Gradient Norm Minimization of Nesterov Acceleration: $o(1/k^3)$

TL;DR

This paper investigates the acceleration mechanism of Nesterov's gradient descent, introduces a new high-resolution differential equation framework, and proves that gradient norm minimization can achieve a rate faster than $o(1/k^3)$.

Contribution

It provides a simplified proof of NAG's acceleration, introduces an implicit-velocity high-resolution framework, and establishes a faster convergence rate for gradient norm minimization.

Findings

Proves gradient norm minimization of NAG can achieve $o(1/k^3)$ rate.

Introduces a new implicit-velocity high-resolution differential equation framework.

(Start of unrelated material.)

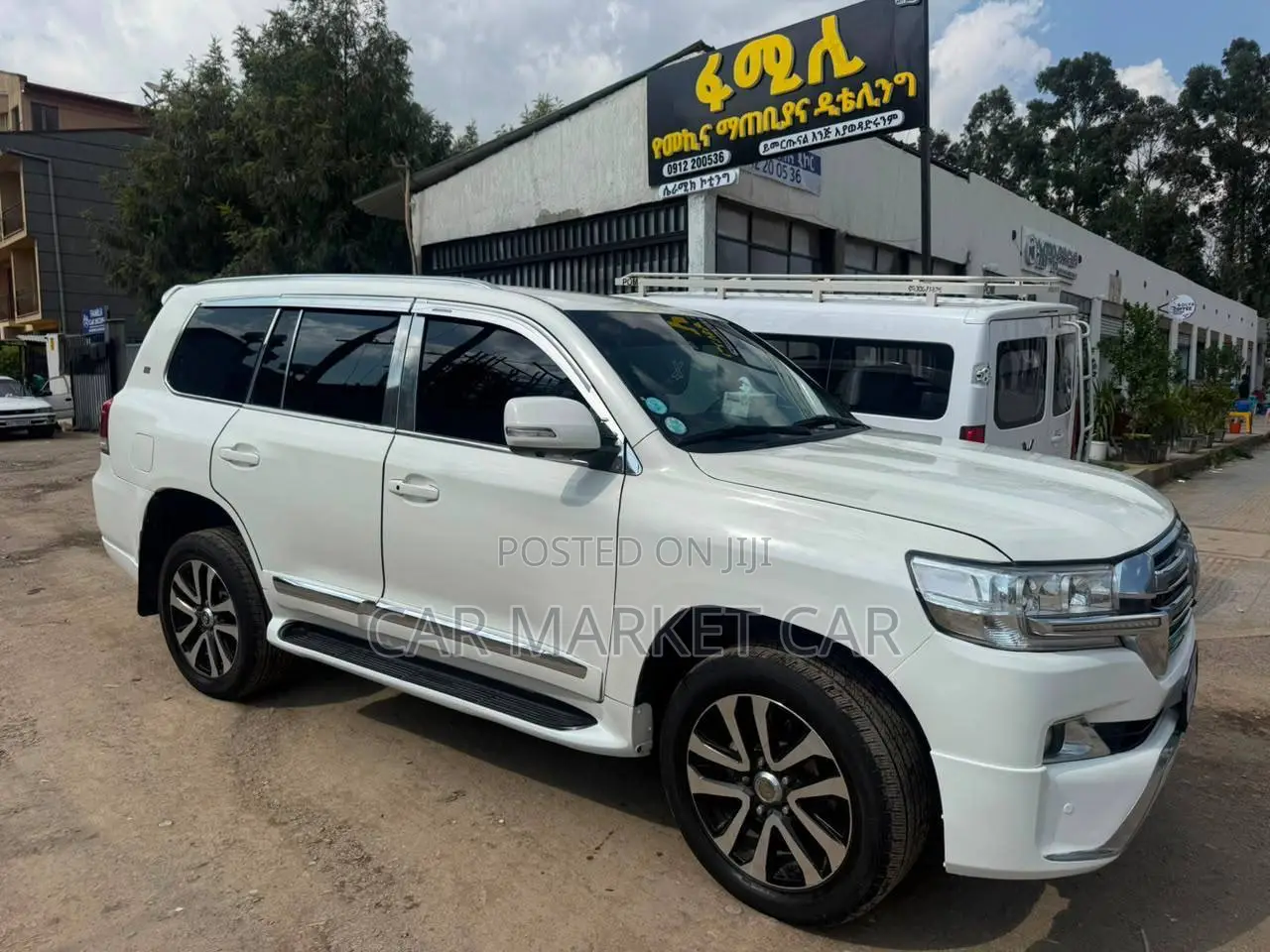 Toyota Land Cruiser 4.5 V8 GX-R 2012 White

Shows a faster $o(1/k^2)$ rate for objective value minimization when $r > 2$.

Abstract

In the history of first-order algorithms, Nesterov's accelerated gradient descent (NAG) is one of the milestones. However, the cause of the acceleration has been a mystery for a long time. It has not been revealed with the existence of gradient correction until the high-resolution differential equation framework proposed in [Shi et al., 2021]. In this paper, we continue to investigate the acceleration phenomenon. First, we provide a significantly simplified proof based on precise observation and a tighter inequality for $L$-smooth functions. Then, a new implicit-velocity high-resolution differential equation framework, as well as the corresponding implicit-velocity version of phase-space representation and Lyapunov function, is proposed to investigate the convergence behavior of the iterative sequence $\{x_k\}_{k=0}^{\infty}$ of NAG. Furthermore, from two kinds of phase-space representations, we find that the role played by gradient correction is equivalent to that by velocity included implicitly in the gradient, where the only difference comes from the iterative sequence $\{y_{k}\}_{k=0}^{\infty}$ replaced by $\{x_k\}_{k=0}^{\infty}$. Finally, for the open question of whether the gradient norm minimization of NAG has a faster rate $o(1/k^3)$, we figure out a positive answer with its proof. Meanwhile, a faster rate of objective value minimization $o(1/k^2)$ is shown for the case $r > 2$.